§ **Instructions to follow**
For the records that follow, please set down exactly the lines between the one holding "Samsung Galaxy A12" and the one holding "NILI LOTAN Jenna", inclusive, and only those.

Data extracted from a collection:
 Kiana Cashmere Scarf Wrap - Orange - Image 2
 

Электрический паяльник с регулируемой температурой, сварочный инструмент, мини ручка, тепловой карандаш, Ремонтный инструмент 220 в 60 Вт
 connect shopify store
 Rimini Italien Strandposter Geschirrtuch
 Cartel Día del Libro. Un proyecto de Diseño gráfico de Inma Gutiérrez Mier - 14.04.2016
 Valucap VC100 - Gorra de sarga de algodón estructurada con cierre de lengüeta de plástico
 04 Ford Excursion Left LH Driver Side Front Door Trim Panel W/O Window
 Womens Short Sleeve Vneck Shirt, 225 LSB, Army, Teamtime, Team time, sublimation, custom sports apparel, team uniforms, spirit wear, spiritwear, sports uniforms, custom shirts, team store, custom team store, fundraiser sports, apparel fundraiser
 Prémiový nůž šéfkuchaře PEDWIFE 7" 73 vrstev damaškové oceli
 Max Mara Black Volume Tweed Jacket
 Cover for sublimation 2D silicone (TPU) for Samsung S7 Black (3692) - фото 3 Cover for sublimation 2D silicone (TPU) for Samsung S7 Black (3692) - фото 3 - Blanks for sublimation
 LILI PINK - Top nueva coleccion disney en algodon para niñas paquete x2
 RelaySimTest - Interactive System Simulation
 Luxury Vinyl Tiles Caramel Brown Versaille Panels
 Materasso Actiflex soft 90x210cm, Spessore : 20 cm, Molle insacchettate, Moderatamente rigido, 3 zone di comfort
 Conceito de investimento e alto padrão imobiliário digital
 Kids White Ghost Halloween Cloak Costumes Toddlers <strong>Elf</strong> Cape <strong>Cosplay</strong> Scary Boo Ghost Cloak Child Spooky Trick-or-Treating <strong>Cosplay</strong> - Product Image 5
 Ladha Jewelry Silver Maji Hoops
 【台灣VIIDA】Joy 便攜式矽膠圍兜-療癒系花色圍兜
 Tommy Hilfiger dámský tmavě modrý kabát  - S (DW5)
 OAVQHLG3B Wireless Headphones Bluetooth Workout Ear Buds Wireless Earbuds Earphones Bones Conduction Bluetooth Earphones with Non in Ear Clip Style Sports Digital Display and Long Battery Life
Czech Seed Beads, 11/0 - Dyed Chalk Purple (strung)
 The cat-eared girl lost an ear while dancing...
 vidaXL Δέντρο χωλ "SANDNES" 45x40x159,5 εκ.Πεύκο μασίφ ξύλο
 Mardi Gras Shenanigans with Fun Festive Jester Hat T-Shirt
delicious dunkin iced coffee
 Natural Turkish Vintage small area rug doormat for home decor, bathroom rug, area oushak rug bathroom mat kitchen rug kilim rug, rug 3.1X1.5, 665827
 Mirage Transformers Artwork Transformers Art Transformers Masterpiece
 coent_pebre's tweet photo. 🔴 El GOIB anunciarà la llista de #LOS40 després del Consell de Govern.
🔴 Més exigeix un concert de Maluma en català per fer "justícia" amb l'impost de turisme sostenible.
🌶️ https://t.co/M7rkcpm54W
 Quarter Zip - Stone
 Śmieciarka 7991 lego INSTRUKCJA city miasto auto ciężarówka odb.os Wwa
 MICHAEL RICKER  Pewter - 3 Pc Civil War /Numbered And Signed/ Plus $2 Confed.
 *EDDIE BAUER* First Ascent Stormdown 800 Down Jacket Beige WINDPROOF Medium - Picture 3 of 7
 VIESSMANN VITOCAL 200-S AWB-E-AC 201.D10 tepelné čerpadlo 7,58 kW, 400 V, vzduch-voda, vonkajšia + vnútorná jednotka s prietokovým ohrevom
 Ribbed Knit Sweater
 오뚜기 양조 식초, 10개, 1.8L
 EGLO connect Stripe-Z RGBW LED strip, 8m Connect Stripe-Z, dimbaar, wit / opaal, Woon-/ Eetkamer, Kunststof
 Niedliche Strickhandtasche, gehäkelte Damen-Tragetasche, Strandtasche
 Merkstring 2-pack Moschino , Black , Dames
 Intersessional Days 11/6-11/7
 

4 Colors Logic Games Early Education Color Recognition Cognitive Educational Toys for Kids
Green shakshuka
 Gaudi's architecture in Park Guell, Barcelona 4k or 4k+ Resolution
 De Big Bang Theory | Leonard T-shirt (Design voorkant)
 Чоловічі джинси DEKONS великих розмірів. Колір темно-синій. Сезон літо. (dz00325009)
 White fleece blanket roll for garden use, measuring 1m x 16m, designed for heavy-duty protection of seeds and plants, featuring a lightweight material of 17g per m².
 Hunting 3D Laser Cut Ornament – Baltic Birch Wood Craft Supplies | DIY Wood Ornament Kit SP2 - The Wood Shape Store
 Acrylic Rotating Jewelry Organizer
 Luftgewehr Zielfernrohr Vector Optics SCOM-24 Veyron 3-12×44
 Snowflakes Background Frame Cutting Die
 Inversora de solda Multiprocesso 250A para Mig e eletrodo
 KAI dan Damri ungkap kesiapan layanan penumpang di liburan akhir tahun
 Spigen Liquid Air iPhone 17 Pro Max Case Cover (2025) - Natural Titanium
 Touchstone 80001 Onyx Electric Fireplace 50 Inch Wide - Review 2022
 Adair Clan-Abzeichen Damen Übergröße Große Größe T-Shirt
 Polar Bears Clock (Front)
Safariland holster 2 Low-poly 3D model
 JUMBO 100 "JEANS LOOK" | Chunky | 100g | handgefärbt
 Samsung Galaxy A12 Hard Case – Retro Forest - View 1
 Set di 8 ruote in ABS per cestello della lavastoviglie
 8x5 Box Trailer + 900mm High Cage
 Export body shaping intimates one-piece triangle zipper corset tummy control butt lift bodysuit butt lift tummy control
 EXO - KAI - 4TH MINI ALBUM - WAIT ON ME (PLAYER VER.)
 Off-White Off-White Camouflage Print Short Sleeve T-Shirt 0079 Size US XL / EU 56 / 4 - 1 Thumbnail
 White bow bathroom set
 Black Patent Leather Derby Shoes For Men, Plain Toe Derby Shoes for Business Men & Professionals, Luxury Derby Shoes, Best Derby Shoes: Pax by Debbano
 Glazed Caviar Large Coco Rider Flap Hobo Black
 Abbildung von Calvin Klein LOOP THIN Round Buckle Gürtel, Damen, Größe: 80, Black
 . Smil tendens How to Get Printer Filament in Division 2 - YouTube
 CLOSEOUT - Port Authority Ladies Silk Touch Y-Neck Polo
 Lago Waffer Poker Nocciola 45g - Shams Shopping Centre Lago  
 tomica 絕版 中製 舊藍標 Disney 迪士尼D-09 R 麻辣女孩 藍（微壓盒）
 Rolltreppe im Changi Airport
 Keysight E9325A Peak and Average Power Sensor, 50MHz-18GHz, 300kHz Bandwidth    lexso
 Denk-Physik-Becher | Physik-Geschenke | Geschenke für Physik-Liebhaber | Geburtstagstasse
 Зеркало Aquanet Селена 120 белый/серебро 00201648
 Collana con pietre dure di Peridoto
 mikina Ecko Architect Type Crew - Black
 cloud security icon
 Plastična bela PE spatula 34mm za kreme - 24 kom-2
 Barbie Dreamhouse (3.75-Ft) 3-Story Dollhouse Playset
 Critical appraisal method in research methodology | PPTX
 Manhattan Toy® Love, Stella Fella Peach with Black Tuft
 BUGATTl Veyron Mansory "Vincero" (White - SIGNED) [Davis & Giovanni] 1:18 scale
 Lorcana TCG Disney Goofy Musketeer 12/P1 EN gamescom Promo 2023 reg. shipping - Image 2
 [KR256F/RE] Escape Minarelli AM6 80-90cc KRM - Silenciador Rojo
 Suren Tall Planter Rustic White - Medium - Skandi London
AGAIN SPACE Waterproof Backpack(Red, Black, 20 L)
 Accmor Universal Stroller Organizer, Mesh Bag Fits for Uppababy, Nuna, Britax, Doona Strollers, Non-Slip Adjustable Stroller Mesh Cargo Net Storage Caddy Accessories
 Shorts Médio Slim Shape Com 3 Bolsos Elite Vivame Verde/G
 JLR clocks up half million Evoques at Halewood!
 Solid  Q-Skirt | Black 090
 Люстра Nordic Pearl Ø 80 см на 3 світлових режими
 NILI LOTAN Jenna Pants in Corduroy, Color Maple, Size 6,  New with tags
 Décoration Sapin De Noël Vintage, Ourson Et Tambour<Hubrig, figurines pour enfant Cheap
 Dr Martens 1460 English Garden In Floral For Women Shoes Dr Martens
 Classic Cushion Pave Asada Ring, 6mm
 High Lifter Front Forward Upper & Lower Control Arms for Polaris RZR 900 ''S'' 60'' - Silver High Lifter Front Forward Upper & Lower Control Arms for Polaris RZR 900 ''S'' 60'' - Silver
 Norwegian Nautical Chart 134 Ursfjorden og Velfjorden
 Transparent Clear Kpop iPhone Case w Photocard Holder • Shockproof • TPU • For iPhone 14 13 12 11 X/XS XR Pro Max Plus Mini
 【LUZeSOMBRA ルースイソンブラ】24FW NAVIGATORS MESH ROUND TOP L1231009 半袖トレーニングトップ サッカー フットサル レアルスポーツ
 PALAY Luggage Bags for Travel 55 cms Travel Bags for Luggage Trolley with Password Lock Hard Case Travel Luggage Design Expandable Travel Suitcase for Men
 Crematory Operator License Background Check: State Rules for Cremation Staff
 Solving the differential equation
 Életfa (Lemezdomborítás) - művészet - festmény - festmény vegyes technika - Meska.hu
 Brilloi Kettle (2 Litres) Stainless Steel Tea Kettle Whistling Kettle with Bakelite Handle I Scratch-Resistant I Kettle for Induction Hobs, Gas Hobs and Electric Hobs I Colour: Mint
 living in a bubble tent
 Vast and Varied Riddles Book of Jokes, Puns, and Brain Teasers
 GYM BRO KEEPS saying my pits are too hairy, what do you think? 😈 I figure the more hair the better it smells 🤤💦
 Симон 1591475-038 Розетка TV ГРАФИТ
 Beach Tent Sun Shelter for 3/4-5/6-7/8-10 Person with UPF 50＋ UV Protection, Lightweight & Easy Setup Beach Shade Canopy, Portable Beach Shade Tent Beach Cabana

§ **Result of this task**
 Samsung Galaxy A12 Hard Case – Retro Forest - View 1
 Set di 8 ruote in ABS per cestello della lavastoviglie
 8x5 Box Trailer + 900mm High Cage
 Export body shaping intimates one-piece triangle zipper corset tummy control butt lift bodysuit butt lift tummy control
 EXO - KAI - 4TH MINI ALBUM - WAIT ON ME (PLAYER VER.)
 Off-White Off-White Camouflage Print Short Sleeve T-Shirt 0079 Size US XL / EU 56 / 4 - 1 Thumbnail
 White bow bathroom set
 Black Patent Leather Derby Shoes For Men, Plain Toe Derby Shoes for Business Men & Professionals, Luxury Derby Shoes, Best Derby Shoes: Pax by Debbano
 Glazed Caviar Large Coco Rider Flap Hobo Black
 Abbildung von Calvin Klein LOOP THIN Round Buckle Gürtel, Damen, Größe: 80, Black
 . Smil tendens How to Get Printer Filament in Division 2 - YouTube
 CLOSEOUT - Port Authority Ladies Silk Touch Y-Neck Polo
 Lago Waffer Poker Nocciola 45g - Shams Shopping Centre Lago  
 tomica 絕版 中製 舊藍標 Disney 迪士尼D-09 R 麻辣女孩 藍（微壓盒）
 Rolltreppe im Changi Airport
 Keysight E9325A Peak and Average Power Sensor, 50MHz-18GHz, 300kHz Bandwidth    lexso
 Denk-Physik-Becher | Physik-Geschenke | Geschenke für Physik-Liebhaber | Geburtstagstasse
 Зеркало Aquanet Селена 120 белый/серебро 00201648
 Collana con pietre dure di Peridoto
 mikina Ecko Architect Type Crew - Black
 cloud security icon
 Plastična bela PE spatula 34mm za kreme - 24 kom-2
 Barbie Dreamhouse (3.75-Ft) 3-Story Dollhouse Playset
 Critical appraisal method in research methodology | PPTX
 Manhattan Toy® Love, Stella Fella Peach with Black Tuft
 BUGATTl Veyron Mansory "Vincero" (White - SIGNED) [Davis & Giovanni] 1:18 scale
 Lorcana TCG Disney Goofy Musketeer 12/P1 EN gamescom Promo 2023 reg. shipping - Image 2
 [KR256F/RE] Escape Minarelli AM6 80-90cc KRM - Silenciador Rojo
 Suren Tall Planter Rustic White - Medium - Skandi London
AGAIN SPACE Waterproof Backpack(Red, Black, 20 L)
 Accmor Universal Stroller Organizer, Mesh Bag Fits for Uppababy, Nuna, Britax, Doona Strollers, Non-Slip Adjustable Stroller Mesh Cargo Net Storage Caddy Accessories
 Shorts Médio Slim Shape Com 3 Bolsos Elite Vivame Verde/G
 JLR clocks up half million Evoques at Halewood!
 Solid  Q-Skirt | Black 090
 Люстра Nordic Pearl Ø 80 см на 3 світлових режими
 NILI LOTAN Jenna Pants in Corduroy, Color Maple, Size 6,  New with tags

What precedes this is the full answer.